Elle lève la tête, parfois, alertée par le silence. Peu de bruit, tout a changé, c'est étrange ; tout ce qu'elle connaissait, le voilà disparu. A à ses pieds traînent des choses informes, usées ou brisées. Elle se retourne. Personne. Devant un brouillard s'épaissit et monte le grondement d'une immense cavalcade qui s'éloigne drainant les présences, aspirant le paysage, comme s'il n'avait d'autre destinée que de se laisser emmener par le vent.
Dans la lenteur quelque chose se pelotonne ou peine. Dans la lenteur, on attend. L'expectative ne garantie justement que l'attente, comme l'attente hypnotique des surréalistes accouchait d'un cadavre qu'ils qualifiaient par avance d'exquis, sans doute par conjuration. Il faut ralentir, puis s'arrêter pour aborder, observer et juger d'un processus lent.
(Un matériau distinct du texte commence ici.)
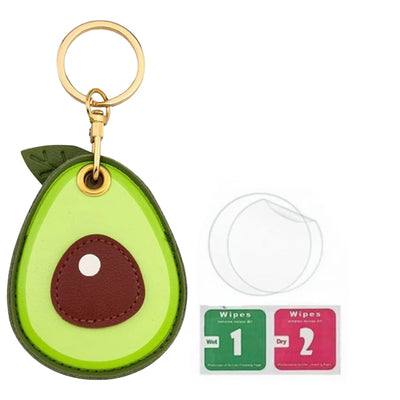Avocado AirTag leather keychain holder with hand straps and gold hardware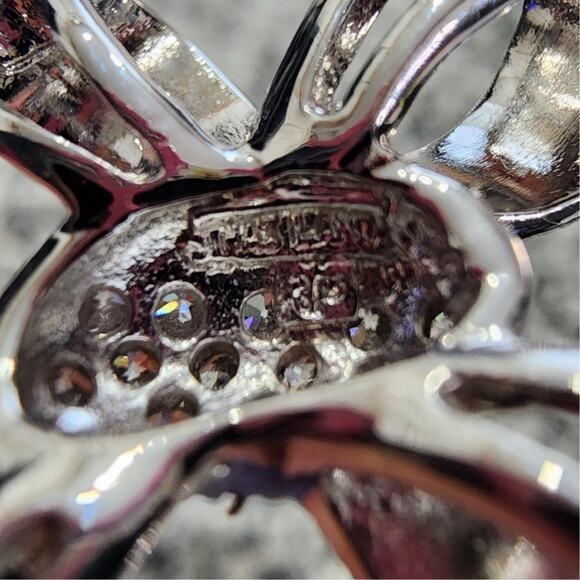 RP 925 Sterling Silver Rhinestone Looped Cross Necklace Slide Pendant, Thailand - Picture 6 of 6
La vitesse exige la précision sans fioritures. Il n'est pas question d'hésiter ou de se lancer dans une aventure humaine sophistiquée quand on veut aller au plus vite. Je « fais » la Grèce, ces vacances. L’hôtel est réservé, le circuit est planifié, les rencontres sont organisés. Chaque minute est pleinement comblée pour remplir les quinze jours. Quinze jours qui empileront un maximum de choses vues, de plats mangés, de contacts réalisés, de repos planifiés, de bronzages appliqués et de tarifs étudiés pour une rapide, compacte et totale satisfaction du programme de loisir inséré dans le calendrier défilant à la vitesse maximale de production du temps humain.
J'ai mille raisons de plaider pour la lenteur. La première est que mon corps devient de plus en plus lent. Il a ses raisons et j'ai beau tancer ce vieil âne, il n'en fait qu'à sa tête. Ma tête est obligée de suivre. Les deux s'accordent dans une avancée qui voudrait bien rejoindre la grande course. Mais non, demain peut-être. Il y a peu de chance, un rien me distrait. La moindre trouée dans un jour soudain neigeux, comme celui où j'écris dos à ma fenêtre pour opposer la lumière du jour à celle de cet écran qui me plombe les yeux. La moindre apparition d'un merle gras mais marron, d'un homme qui passe sa parka de travers, tout cela et les frissons de l'air dans la pièce, m'écarte de la ligne, de l'influx, de la concentration qu'il faudrait pour s'élancer, foncer vers là-bas.
Et je bricole. Je tâtonne, je rumine une intuition, une sentence, un bout de fin, un début de récit. Je mâche de la langue enchevêtrée. Des mois, je passe à dénouer tout ça pour m'en faire un texte qui tienne debout. Ces lignes que vous lisez ont été vite écrites, d'accord...Après deux textes qui les ont précédées et quelques heures de marche en forêt auparavant, pour sentir mon pas. Mon pas qui m'a dit qu'il était lent, en colère contre ces choses dans le dos qui n'arrêtent pas de se manifester et qu'on appelle vertèbres.
La lenteur, la création, tout ça c'est de la même farine. Qui pourrait faire avec lenteur un produit sans saveur, sans résonance et sans belle apparence ? Personne sans s'exposer à mourir d'ennui ou tout envoyer balader. Ainsi règne l'universelle hystérie des hommes pressés de fabriquer du rien dans un emballage vulgaire, à consommer rapidement. Ainsi des monuments aux barres chocolatées.
Dans la lenteur il y a l'idée que l'humanité se respecte car elle s'estime.
Les moments de lenteur se nichent dans les instants de plaisir, de convivialité et de patience créatrice. L'humanité n'a pas de plus beaux moments, car c'est dans ces zones-là qui n'ont ni horloge ni gardien pour les réguler que les hommes se révèlent à eux-mêmes, se voient, se reconnaissent enfin. Et s'estiment, par surcroît.